Problem to work on. Present the following data again exactly as it is shown.

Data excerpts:

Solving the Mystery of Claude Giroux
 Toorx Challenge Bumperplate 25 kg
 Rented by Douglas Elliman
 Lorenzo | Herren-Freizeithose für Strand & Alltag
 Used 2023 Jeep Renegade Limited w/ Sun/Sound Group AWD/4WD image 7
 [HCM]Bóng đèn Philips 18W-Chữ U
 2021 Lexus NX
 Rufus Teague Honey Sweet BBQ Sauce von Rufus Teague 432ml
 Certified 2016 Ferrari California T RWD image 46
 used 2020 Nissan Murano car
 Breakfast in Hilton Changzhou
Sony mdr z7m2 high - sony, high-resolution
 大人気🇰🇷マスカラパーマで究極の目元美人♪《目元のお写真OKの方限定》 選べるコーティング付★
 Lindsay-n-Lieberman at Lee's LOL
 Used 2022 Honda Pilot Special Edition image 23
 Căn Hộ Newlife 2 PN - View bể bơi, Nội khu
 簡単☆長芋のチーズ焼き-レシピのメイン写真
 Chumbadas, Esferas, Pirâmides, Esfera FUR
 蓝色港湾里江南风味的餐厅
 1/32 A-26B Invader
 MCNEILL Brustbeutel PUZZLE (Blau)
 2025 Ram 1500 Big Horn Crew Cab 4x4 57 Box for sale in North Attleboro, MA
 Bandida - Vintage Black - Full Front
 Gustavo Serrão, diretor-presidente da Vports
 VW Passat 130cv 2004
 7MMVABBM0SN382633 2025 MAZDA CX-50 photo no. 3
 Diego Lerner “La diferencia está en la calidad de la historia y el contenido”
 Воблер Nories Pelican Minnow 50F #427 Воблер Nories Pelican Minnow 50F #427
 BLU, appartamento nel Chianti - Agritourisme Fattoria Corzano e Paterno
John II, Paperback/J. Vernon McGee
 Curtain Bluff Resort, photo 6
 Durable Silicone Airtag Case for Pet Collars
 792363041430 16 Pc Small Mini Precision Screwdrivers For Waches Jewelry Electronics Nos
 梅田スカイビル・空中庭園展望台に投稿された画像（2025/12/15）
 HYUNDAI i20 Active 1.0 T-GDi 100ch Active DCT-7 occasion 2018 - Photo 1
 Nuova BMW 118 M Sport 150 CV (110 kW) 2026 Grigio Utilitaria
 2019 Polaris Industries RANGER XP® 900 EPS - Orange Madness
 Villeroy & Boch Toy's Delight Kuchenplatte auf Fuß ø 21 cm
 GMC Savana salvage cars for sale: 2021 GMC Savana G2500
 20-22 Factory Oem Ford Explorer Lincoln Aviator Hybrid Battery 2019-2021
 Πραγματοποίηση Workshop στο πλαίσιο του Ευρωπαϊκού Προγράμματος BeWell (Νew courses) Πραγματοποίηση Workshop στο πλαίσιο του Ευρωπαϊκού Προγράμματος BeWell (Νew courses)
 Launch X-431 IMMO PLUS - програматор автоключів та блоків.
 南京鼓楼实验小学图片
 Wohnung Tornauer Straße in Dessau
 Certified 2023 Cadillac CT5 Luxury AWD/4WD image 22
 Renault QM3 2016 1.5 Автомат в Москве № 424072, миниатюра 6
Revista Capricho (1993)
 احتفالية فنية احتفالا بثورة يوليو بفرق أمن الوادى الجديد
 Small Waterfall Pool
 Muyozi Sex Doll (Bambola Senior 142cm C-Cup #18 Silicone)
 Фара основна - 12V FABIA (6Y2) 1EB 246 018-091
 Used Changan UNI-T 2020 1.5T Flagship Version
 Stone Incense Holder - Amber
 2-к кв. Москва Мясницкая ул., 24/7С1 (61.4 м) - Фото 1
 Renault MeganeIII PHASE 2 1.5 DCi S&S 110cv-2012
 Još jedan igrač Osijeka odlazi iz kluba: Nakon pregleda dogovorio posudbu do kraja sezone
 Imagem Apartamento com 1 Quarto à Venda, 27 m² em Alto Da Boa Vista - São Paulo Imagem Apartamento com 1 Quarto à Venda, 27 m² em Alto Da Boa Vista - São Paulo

Solved problem.
Solving the Mystery of Claude Giroux
 Toorx Challenge Bumperplate 25 kg
 Rented by Douglas Elliman
 Lorenzo | Herren-Freizeithose für Strand & Alltag
 Used 2023 Jeep Renegade Limited w/ Sun/Sound Group AWD/4WD image 7
 [HCM]Bóng đèn Philips 18W-Chữ U
 2021 Lexus NX
 Rufus Teague Honey Sweet BBQ Sauce von Rufus Teague 432ml
 Certified 2016 Ferrari California T RWD image 46
 used 2020 Nissan Murano car
 Breakfast in Hilton Changzhou
Sony mdr z7m2 high - sony, high-resolution
 大人気🇰🇷マスカラパーマで究極の目元美人♪《目元のお写真OKの方限定》 選べるコーティング付★
 Lindsay-n-Lieberman at Lee's LOL
 Used 2022 Honda Pilot Special Edition image 23
 Căn Hộ Newlife 2 PN - View bể bơi, Nội khu
 簡単☆長芋のチーズ焼き-レシピのメイン写真
 Chumbadas, Esferas, Pirâmides, Esfera FUR
 蓝色港湾里江南风味的餐厅
 1/32 A-26B Invader
 MCNEILL Brustbeutel PUZZLE (Blau)
 2025 Ram 1500 Big Horn Crew Cab 4x4 57 Box for sale in North Attleboro, MA
 Bandida - Vintage Black - Full Front
 Gustavo Serrão, diretor-presidente da Vports
 VW Passat 130cv 2004
 7MMVABBM0SN382633 2025 MAZDA CX-50 photo no. 3
 Diego Lerner “La diferencia está en la calidad de la historia y el contenido”
 Воблер Nories Pelican Minnow 50F #427 Воблер Nories Pelican Minnow 50F #427
 BLU, appartamento nel Chianti - Agritourisme Fattoria Corzano e Paterno
John II, Paperback/J. Vernon McGee
 Curtain Bluff Resort, photo 6
 Durable Silicone Airtag Case for Pet Collars
 792363041430 16 Pc Small Mini Precision Screwdrivers For Waches Jewelry Electronics Nos
 梅田スカイビル・空中庭園展望台に投稿された画像（2025/12/15）
 HYUNDAI i20 Active 1.0 T-GDi 100ch Active DCT-7 occasion 2018 - Photo 1
 Nuova BMW 118 M Sport 150 CV (110 kW) 2026 Grigio Utilitaria
 2019 Polaris Industries RANGER XP® 900 EPS - Orange Madness
 Villeroy & Boch Toy's Delight Kuchenplatte auf Fuß ø 21 cm
 GMC Savana salvage cars for sale: 2021 GMC Savana G2500
 20-22 Factory Oem Ford Explorer Lincoln Aviator Hybrid Battery 2019-2021
 Πραγματοποίηση Workshop στο πλαίσιο του Ευρωπαϊκού Προγράμματος BeWell (Νew courses) Πραγματοποίηση Workshop στο πλαίσιο του Ευρωπαϊκού Προγράμματος BeWell (Νew courses)
 Launch X-431 IMMO PLUS - програматор автоключів та блоків.
 南京鼓楼实验小学图片
 Wohnung Tornauer Straße in Dessau
 Certified 2023 Cadillac CT5 Luxury AWD/4WD image 22
 Renault QM3 2016 1.5 Автомат в Москве № 424072, миниатюра 6
Revista Capricho (1993)
 احتفالية فنية احتفالا بثورة يوليو بفرق أمن الوادى الجديد
 Small Waterfall Pool
 Muyozi Sex Doll (Bambola Senior 142cm C-Cup #18 Silicone)
 Фара основна - 12V FABIA (6Y2) 1EB 246 018-091
 Used Changan UNI-T 2020 1.5T Flagship Version
 Stone Incense Holder - Amber
 2-к кв. Москва Мясницкая ул., 24/7С1 (61.4 м) - Фото 1
 Renault MeganeIII PHASE 2 1.5 DCi S&S 110cv-2012
 Još jedan igrač Osijeka odlazi iz kluba: Nakon pregleda dogovorio posudbu do kraja sezone
 Imagem Apartamento com 1 Quarto à Venda, 27 m² em Alto Da Boa Vista - São Paulo Imagem Apartamento com 1 Quarto à Venda, 27 m² em Alto Da Boa Vista - São Paulo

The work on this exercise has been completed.